In FIG. 1, an obstacle inspection monitor 30 is a light beam having a high directivity (for example, such that it crosses the vicinity of the upper surface of the substrate G placed on the stage 10 substantially horizontally in the Y direction at a predetermined height position). A light projecting unit 32 that emits or projects a laser beam LB; and a light receiving unit 34 that is disposed at a position facing the light projecting unit 32 with the substrate G on the stage 10 sandwiched in the Y direction. As shown in the figure, the light projecting unit 32 and the light receiving unit 34 are respectively attached to a pair of horizontal support arms 36 and 38 projecting forward from the left and right side surfaces of the support 24 in the scanning direction. In addition, the light beam LB is projected and received substantially horizontally at a position ahead by a certain distance (for example, 100 mm to 200 mm).
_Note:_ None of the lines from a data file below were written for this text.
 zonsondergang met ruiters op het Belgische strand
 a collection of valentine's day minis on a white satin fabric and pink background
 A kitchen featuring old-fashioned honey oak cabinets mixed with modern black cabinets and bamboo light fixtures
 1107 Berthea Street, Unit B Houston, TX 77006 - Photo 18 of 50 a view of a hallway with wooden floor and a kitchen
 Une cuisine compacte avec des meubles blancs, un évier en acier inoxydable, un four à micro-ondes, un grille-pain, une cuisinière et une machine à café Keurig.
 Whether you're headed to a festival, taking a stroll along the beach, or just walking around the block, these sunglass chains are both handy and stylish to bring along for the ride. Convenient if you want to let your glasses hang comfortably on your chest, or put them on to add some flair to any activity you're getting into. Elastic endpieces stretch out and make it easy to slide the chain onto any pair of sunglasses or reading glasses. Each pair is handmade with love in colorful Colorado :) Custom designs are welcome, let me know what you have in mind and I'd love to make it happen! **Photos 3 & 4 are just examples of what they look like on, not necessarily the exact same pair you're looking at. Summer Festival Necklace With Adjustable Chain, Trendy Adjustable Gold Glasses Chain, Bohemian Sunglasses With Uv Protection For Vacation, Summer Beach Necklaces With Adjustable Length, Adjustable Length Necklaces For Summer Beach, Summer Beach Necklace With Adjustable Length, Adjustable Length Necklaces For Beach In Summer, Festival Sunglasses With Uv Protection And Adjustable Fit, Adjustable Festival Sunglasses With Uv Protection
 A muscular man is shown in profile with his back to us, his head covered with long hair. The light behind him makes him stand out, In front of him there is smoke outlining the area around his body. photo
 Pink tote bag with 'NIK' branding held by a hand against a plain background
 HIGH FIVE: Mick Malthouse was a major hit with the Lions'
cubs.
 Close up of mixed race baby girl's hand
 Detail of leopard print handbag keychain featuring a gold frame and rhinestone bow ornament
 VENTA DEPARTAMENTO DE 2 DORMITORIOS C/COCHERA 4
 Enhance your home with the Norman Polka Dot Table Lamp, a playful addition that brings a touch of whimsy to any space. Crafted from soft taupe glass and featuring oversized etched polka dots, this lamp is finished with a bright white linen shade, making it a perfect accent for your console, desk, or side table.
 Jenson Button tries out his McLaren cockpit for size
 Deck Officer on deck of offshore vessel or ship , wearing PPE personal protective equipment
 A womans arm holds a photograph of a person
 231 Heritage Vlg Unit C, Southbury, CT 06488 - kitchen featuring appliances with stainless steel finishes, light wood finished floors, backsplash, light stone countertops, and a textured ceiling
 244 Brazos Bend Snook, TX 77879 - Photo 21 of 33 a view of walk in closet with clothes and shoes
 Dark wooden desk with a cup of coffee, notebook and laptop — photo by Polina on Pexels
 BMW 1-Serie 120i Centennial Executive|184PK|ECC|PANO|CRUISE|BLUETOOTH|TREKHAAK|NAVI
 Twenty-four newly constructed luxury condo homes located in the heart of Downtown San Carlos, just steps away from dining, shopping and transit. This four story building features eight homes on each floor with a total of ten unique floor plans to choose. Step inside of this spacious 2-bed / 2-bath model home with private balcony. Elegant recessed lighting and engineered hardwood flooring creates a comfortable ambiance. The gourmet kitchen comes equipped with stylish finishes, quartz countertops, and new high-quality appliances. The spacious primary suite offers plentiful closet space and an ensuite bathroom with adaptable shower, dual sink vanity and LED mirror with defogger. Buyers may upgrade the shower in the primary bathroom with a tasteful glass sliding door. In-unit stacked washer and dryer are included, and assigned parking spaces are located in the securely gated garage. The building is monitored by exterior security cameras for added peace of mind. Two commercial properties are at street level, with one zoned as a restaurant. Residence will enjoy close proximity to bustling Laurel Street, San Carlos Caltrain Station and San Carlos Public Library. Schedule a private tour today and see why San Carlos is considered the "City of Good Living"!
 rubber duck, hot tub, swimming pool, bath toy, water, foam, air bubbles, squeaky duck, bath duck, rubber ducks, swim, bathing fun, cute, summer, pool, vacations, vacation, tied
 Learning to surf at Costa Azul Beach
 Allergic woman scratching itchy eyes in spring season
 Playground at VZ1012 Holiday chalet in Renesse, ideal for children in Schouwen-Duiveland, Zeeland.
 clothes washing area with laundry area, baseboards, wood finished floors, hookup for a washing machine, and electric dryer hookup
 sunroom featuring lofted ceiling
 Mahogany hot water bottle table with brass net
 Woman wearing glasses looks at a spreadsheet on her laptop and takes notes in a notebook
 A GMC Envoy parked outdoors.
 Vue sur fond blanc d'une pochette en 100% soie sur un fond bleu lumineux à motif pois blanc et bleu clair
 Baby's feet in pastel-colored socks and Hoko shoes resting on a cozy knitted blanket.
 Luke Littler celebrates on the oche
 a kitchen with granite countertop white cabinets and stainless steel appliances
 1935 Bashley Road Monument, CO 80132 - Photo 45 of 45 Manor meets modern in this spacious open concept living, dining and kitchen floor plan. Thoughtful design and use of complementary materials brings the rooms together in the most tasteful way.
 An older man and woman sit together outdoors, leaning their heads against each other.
  FIG. 3 shows the positional relationship between the substrate G on the stage 10, the light projecting unit 32, the light receiving unit 34, and the optical path of the light beam LB. The light projecting unit 32 may be a single LD (semiconductor laser), but is preferably composed of a one-dimensional LD array or a two-dimensional LD array in which a number of LDs are arranged in a horizontal row or a vertical and horizontal matrix. 35 (FIG. 9) receives a drive current to emit light, and emits a light beam LB having a beam diameter or beam size (for example, 2 mm × 2 mm) much larger than the coating gap g (for example, 100 μm). At this time, the lower end portion of the light beam LB emitted from the light projecting unit 32 is cut off at one side surface of the substrate G, and only the beam portion that propagates horizontally in a space higher than the upper surface of the substrate G is the light receiving unit 34. The height position of the beam optical path may be set or adjusted so as to reach the light receiving surface 34a.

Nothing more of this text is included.